Este tipo de livro costuma vender bem. É, no entanto, preciso separar o joio do trigo. Ou seja, diferenciar as empulhações das iniciativas com um mínimo de credibilidade.

Há editoras sérias, como a inglesa Routledge, que se especializaram nisso e procuram fugir da banalidade e do mercantilismo entregando a coordenação dessas empreitadas a profissionais experientes e sérios, comprometidos com a pesquisa rigorosa.

Dois bons livros desta linhagem podem ajudar o leitor comum a começar a entender um pouco as linhas mestras que norteiam o pensamento quase sempre intrincado e hermético de nomes como Foucault, Derrida, Hobsbawm, Baudrillard, Bourdieu, Adorno, Saussure e muitos outros.

Ambos começam com o número 50 em seus títulos. A Bertrand Brasil oferece uma boa tradução de 50 Pensadores Contemporâneos Essenciais, de John Lechte; e a Contexto lança 50 Grandes Pensadores da História, de Marnie Hughes-Warrington.

Não se trata de livros baratos. O primeiro custa R$ 38 e o segundo, R$ 49. Especialmente o livro sobre os 50 historiadores valeria inteiramente o investimento se tivesse sido mais cuidadosamente adaptado à nossa realidade editorial. Explico: como cada verbete, de quatro a dez páginas, inclui uma bibliografia não só de obras do historiador como de estudos sobre ele, não houve nunca a preocupação de informar ao leitor quais as obras disponíveis em português. Nenhuma tradução de obras do historiador Eric Hobsbawm é citada; remete-se sempre à edição inglesa. Ora, sabemos que praticamente todos os livros de Hobsbawm foram traduzidos e constituem relativos êxitos de venda no Brasil (A Era dos Extremos, por exemplo, e o recentíssimo Tempos Interessantes, ambos da Companhia das Letras). Cochilo sério porque trava um dos objetivos fundamentais de livros como este, que é o de remeter o leitor para o exame direto de obras do autor enfocado.

Já o livro da Bertrand Brasil sobre os pensadores contemporâneos preocupa-se em fornecer as indicações da bibliografia disponível em português (nem sempre, já que por exemplo não cita traduções brasileiras de livros como Prismas ou Minima Moralia, de Adorno, disponíveis em edições da Ática).
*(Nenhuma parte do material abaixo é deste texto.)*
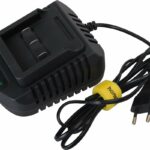 f407612891e311ef83a074d435b7b4ce_f407613b91e311ef83a074d435b7b4ce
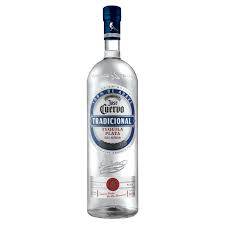 Jos&eacute; Cuervo reporta trimestre positivo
E, além disso, é melhor estruturado. As duas seções iniciais vão de Bachelard, Canguilhem, Freud, Mauss e Merleau-Ponty (nomes que construíram as bases do estruturalismo) até as figuras-chaves mais associadas a ele, como Althusser, Bourdieu, Gérard Genette, Jakobson, Lacan, Lévi-Strauss e Michel Serres.

 A seqüência cronológica segue com o pensamento pós-estruturalista, no qual brilham Bataille, Deleuze, Derrida, Foucault e Levinas; e desemboca na semiótica, na qual vale a pena, por exemplo, ler o pequeno mas rico perfil de Roland Barthes. As seções seguintes abordam o pós-marxismo (Adorno, Arendt, Habermas e o amigo de FHC Alain Touraine); a Modernidade (Walter Benjamin, Blanchot, Nietszche e Sollers) e alcançam até a Pós-Modernidade (Baudrillard, Duras, Kafka e o sumo-sacerdote do movimento Jean-François Lyotard). Trata-se, portanto, de uma bem-sucedida tentativa de levar o leitor a situar-se com alguma segurança nesta floresta cerrada de conceitos que tentam explicar o mundo, nosso destino e nosso futuro.

Pelo contrário, justiça seja feita, o objetivo de 50 Pensadores da História é cronológico. Isto é, vai do pai dos historiadores, o grego Heródoto (484-424 aC.), até Francis Fukuyama, nascido em 1952, que decretou O Fim da História, em um polêmico livro poucos anos atrás. E, detalhe fundamental, se esquecermos a falta de indicação bibliográfica em português, o livro é excepcional. No capítulo sobre Hobsbawm, por exemplo, Marnie Hughes-Warrington consegue sintetizar sem empobrecer a postura deste formidável pensador, que nos últimos anos vem se desnudando de modo fulminante para seus leitores em autobiografias de uma honestidade pessoal e intelectual inatacáveis.